Ensaio de música no Miguel de Cervantes: quatro aulas de arte por semana

Como reunir tantas competências ao mesmo tempo? Antes de mais nada, pelo esforço pessoal. É igualmente indispensável que o colégio dê a seus professores condições e tempo para se aperfeiçoar. Na maioria dos casos, porém, não é o que acontece. "As escolas exigem cada vez mais que o professor faça cursos, se atualize", diz Celso Napolitano, vice-presidente do Sinpro, sindicato que reúne os professores da rede particular de São Paulo. "Só que nem sempre elas querem pagar por isso." Se as exigências aumentaram, os salários, na maioria das escolas privadas, também cresceram. Segundo dados da CNA, a maior consultoria especializada em educação do país, nos últimos dez anos a categoria teve aumentos salariais de até 80% acima da inflação. Existem cerca de 20 000 professores nas escolas particulares de São Paulo, de acordo com o Sinpro. Desse total, 70% são mulheres. A média de idade é de 37 anos.

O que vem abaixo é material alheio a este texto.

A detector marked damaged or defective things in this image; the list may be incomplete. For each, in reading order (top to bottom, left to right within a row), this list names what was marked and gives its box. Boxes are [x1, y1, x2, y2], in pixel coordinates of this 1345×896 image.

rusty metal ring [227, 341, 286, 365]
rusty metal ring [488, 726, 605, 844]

Além de fazer com que a matéria desperte o interesse dos estudantes, o bom educador é aquele que consegue incorporar às aulas assuntos do dia-a-dia que estão na cabeça dos alunos. Em 24 horas, por exemplo, os atentados terroristas nos Estados Unidos viraram o tema das aulas de história da Escola Nossa Senhora das Graças, mais conhecida como "Gracinha", no Itaim Bibi. "A partir dos atentados, vamos desenvolver temas como globalização e blocos econômicos", conta a professora Conceição Aparecida Cabrini. Uma das autoras da coleção didática História Temática, composta de quatro volumes e adotada em diversos colégios da capital, Conceição procura ligar suas aulas a fatos do presente. Para ela, deixou de haver espaço para o professor à moda antiga, fechado a novos métodos e tecnologias. "Na nossa profissão não se pode parar de aprender nunca", afirma.

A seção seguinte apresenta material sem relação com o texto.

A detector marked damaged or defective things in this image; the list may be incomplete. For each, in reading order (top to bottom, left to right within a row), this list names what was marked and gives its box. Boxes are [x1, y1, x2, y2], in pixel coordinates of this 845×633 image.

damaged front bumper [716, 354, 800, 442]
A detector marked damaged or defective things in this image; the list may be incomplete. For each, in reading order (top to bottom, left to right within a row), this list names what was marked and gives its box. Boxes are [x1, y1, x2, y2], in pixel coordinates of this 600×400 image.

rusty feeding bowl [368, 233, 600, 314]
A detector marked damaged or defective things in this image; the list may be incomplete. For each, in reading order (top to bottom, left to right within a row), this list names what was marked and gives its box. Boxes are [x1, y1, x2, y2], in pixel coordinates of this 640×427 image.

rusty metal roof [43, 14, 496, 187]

Alunas da 8ª série do Santa Cruz: aprendendo com jogo de cubos em aula de matemática

É justamente por esse motivo que a Escola Vera Cruz mantém um centro de formação que oferece cursos de capacitação e aprimoramento. Ao freqüentá-los, os professores são remunerados como se estivessem dando aulas. No Etapa, um dos colégios com maior índice de aprovação nos vestibulares mais concorridos, 90% do corpo docente trabalha em regime de dedicação exclusiva. Muitos professores do cursinho homônimo lecionam simultaneamente na escola, o que beneficia os alunos com técnicas de ensino mais dinâmicas. No magistério, como em qualquer profissão, o salário tem um peso importante na hora de escolher em que escola trabalhar. Mas, muitas vezes, não é o fator decisivo. "Existem colégios que deixam o educador criar", diz o professor Luiz Augusto Mardegan, que leciona filosofia na Escola Nossa Senhora das Graças. "Trata-se de um diferencial que motiva e segura o professor na instituição." Mardegan desenvolve em sua escola, com estudantes da 3ª série do ensino médio, um projeto que mistura filosofia, arte e psicodrama. Durante o ano, os alunos criam máscaras nas quais são projetadas características pessoais e familiares.

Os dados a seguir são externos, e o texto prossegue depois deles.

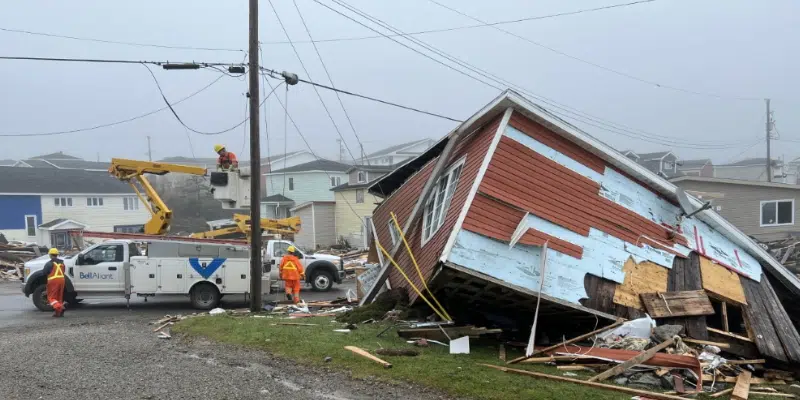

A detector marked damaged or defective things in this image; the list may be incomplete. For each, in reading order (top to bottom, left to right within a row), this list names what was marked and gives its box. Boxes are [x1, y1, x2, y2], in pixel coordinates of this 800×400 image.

broken lumber [640, 290, 716, 318]
broken lumber [346, 344, 392, 368]
broken lumber [506, 320, 624, 364]
broken lumber [588, 340, 676, 382]
broken lumber [708, 326, 752, 342]
broken lumber [478, 364, 692, 400]
broken lumber [736, 370, 752, 400]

Segundo colocado no ranking geral da pesquisa Veja São Paulo-Ipsos Marplan, o Santa Cruz é outro modelo de colégio que proporciona ótimas condições de trabalho aos professores. Depois de submetidos a um rigoroso processo seletivo, que inclui entrevistas e um teste específico criado pela escola, eles passam a integrar uma equipe diferenciada. Além de receber os mais altos salários do mercado, segundo um levantamento do Sinpro, realizado no ano passado, contam com cesta básica, plano de saúde e de previdência privada. Uma vez por semana, durante duas horas, participam de reuniões de planejamento – e são pagos pela tarefa. Nos encontros, discutem problemas dos alunos, debatem a interação de várias disciplinas e planejam as próximas atividades. "Temos uma preocupação muito grande com a formação global do aluno, não só com o conteúdo", diz a professora de matemática Ana Tomazia Cardoso. "Aqui no Santa, as coisas não são impostas", diz Danielle Skarbnik, de 16 anos, aluna da 2ª série do ensino médio. "Os professores nos levam a entender a razão de cada atividade que desenvolvemos. É uma diferença e tanto."

 

 

FIQUE DE OLHO

O professor deve estar próximo do aluno, mas isso não significa que os dois sejam iguais. "Hoje, todo mundo quer ser democrático e amigo", diz a psicopedagoga Raquel Whitaker. "Não podemos esquecer, entretanto, que ao professor cabe também fixar regras e impor limites."